Waves of light: you can get freak peaks in optical systems.Getty

Gigantic 'rogue' waves that swallow ships have been brought into the laboratory. No one knows exactly how they form in the oceans, but a team at the University of California, Los Angeles, has made similar freak events in light¹. The researchers say that their work should help to explain this terrifying maritime phenomenon.

Rogue waves were originally thought to be a myth. Lone waves tens of metres high had been described in sailors' anecdotes, but it wasn’t until the mid-1990s that they were documented convincingly. One such wave struck an oil platform in the North Sea in 1995, another was photographed in 1993 in the Bay of Biscay.

There have been more sightings since. In 2001, for example, a passenger ship in the South Atlantic was hit by a wave about 30 metres high. Yet conventional theories of ocean waves predict that these monsters should be so rare that they would effectively never be seen.

It’s now recognized that the oceans defy those theories. Most waves are small; the bigger the wave, the rarer it is. But there is still an anomalously high number of extremely big waves. It isn’t clear why.

Various explanations have been proposed, invoking unusual wave-focusing effects or freak winds. A key feature of rogue waves is that they stay as sharp peaks as they move, making them look like ‘walls of water’. This is a similar to ‘self-reinforcing solitary waves’ or solitons, which can sweep over large distances without dispersing, keeping the same size and shape.

Solitons were first observed in a Scottish canal in the nineteenth century. They are now well studied in light as well as in water. So Daniel Solli and his colleagues wondered whether they could use the techniques known to generate optical solitons to make rogue waves in light.

Drowning in noise

They added a little bit of noise to a series of light pulses in a ‘nonlinear’ optical fibre, in which the shape and frequencies of light coming out doesn’t depend in a simple way on those of the light going in.

The noise turns the pulses into a dim signal made up of many frequencies.
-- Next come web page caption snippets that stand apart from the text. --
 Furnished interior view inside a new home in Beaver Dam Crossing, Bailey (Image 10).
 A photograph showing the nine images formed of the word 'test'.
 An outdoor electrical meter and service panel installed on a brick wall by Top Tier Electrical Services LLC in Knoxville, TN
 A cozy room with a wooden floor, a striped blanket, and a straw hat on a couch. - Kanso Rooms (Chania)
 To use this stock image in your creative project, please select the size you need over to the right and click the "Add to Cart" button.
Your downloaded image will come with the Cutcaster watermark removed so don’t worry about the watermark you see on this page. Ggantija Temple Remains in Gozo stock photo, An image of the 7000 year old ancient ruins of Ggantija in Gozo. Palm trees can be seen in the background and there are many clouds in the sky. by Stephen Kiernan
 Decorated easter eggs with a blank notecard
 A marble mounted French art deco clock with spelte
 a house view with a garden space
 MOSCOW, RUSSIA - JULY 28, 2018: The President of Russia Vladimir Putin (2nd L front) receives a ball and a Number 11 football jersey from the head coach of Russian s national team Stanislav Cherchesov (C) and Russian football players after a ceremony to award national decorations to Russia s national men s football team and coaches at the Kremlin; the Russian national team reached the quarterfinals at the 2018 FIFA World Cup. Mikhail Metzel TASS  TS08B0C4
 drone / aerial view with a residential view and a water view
But within this ‘broadband’ output there are some extremely bright and narrow spikes — even narrower and more intense than the peaks going in. These are the optical equivalent of rogue ocean waves, they report in Nature.

The spikes could happen purely by chance, but the team found that they saw ‘rogue solitons’ much more often than simple random statistics would predict. “The noise is a seed that acts to focus the energy of the pulse into an intense rogue pulse,” Solli says.
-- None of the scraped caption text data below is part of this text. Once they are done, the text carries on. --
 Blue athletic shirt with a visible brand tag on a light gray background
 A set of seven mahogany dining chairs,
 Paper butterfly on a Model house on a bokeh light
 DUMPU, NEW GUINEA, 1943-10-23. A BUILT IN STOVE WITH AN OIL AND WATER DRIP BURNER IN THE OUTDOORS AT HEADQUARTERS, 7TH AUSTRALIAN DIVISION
“This is the first observation of man-made rogue waves,” says team leader Bahram Jalali. And they are not so different from the water-going versions. “Optical rogue waves bear a close connection to their oceanic cousins,” says Solli.

Whether the mechanism for rogue formation is the same at sea as it is in the lab remains unclear. But the ingredients all seem to be there: waves, nonlinearity and a little noise. ”Water-wave propagation is already known to be nonlinear,” says Solli. And 'wave noise' could come from factors such as changing wind direction.

So Solli says that experiments such as these “may help to resolve the mystery of oceanic rogue waves.” Jalali adds that their observations could be used to develop mathematical models to identify the conditions that lead to such events. Perhaps it might even be possible one day to forecast a danger of rogue waves just as we can now issue storm warnings — a help to those at risk from these whopping events. 

• References

  1. Solli, D. R. , Ropers, C. , Koonath, P. & Jalali, B. Nature 450, 1054-1057 (2007).